When you exit with Halt, output will always show some memory leaks, that’s unavoidable right now. You should ignore the "Heap dump by heaptrc unit" output in this case.

Same thing applies when your program crashes with an unhandled exception.

3.4. Caveat: Windows GUI output is bothersome

The behavior in case of memory leaks on Windows GUI application is unfriendly. Memory leaks are displayed using a series of Windows modal message boxes, and you have to click through them, or kill the application.

It’s better to switch application to CONSOLE for debugging, and run it from command-line, to observe HeapTrc output.

Or use the advise below to redirect the output to file.

3.5. Advanced: Routing HeapTrc output to a file

By default, HeapTrc output is dumped into standard output (on Unix systems and on console Windows applications).

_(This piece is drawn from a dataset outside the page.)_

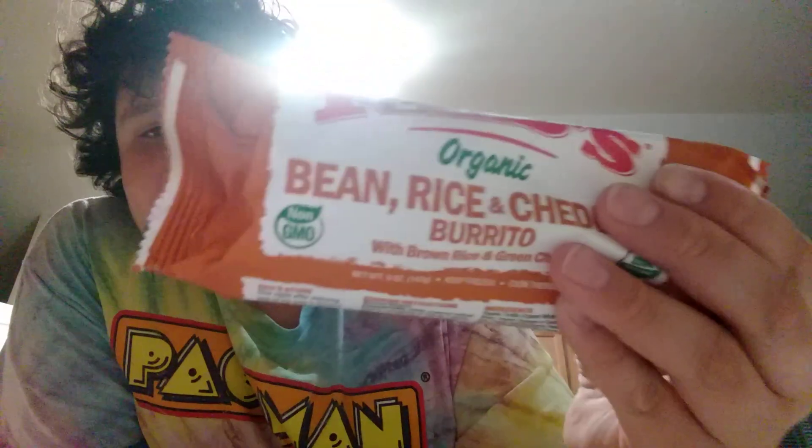Since me and Jaden had the big breakup, news with Jaden and me will be halted. I thought I could just start a few new series, like Austin's Frozen Foods Review. So today we're trying Red's Organic Beans and Rice and Cheese Burrito. I love burritos.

However, for Windows GUI applications, the HeapTrc output is shown as a series of modal popup windows and can be very tedious to work with in case the output is extensive.

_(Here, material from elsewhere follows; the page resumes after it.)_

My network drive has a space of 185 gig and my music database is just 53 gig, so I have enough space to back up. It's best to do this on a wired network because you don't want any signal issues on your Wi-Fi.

This behavior can be changed by explicitly requesting to dump HeapTrc output to a file by using SetHeapTraceOutput procedure. E.g. add SetHeapTraceOutput(URLToFilenameSafe(ApplicationConfig('heaptrc.log'))); in main project source file.

Note, that as this way the HeapTrc would not be shown explicitly after the program exits, the developer has to remember to analyze this file manually to check if there are any memory leaks.

4. Delphi

Delphi has ReportMemoryLeaksOnShutdown global variable. Set it to true to detect and report memory leaks.

To enable leak detection, just add this inside the main program file (.dpr):

ReportMemoryLeaksOnShutdown := true;

In effect, the memory leaks (if any) will be reported when the application ends. The leaks are reported as a GUI dialog when the application is a GUI ({$apptype GUI}, default with Delphi compiler). When the application is using a console ({$apptype CONSOLE}), the leaks are reported on the console. There’s nothing reported when there are no leaks.

If you’d like to show leaks only when running inside the debugger in Delphi IDE, you can make it conditional on DebugHook, like this:

ReportMemoryLeaksOnShutdown := DebugHook <> 0;
Note
It is only reports leaks on the Windows platform. But it compiles everywhere, there’s no need to use {$ifdef MSWINDOWS} around it.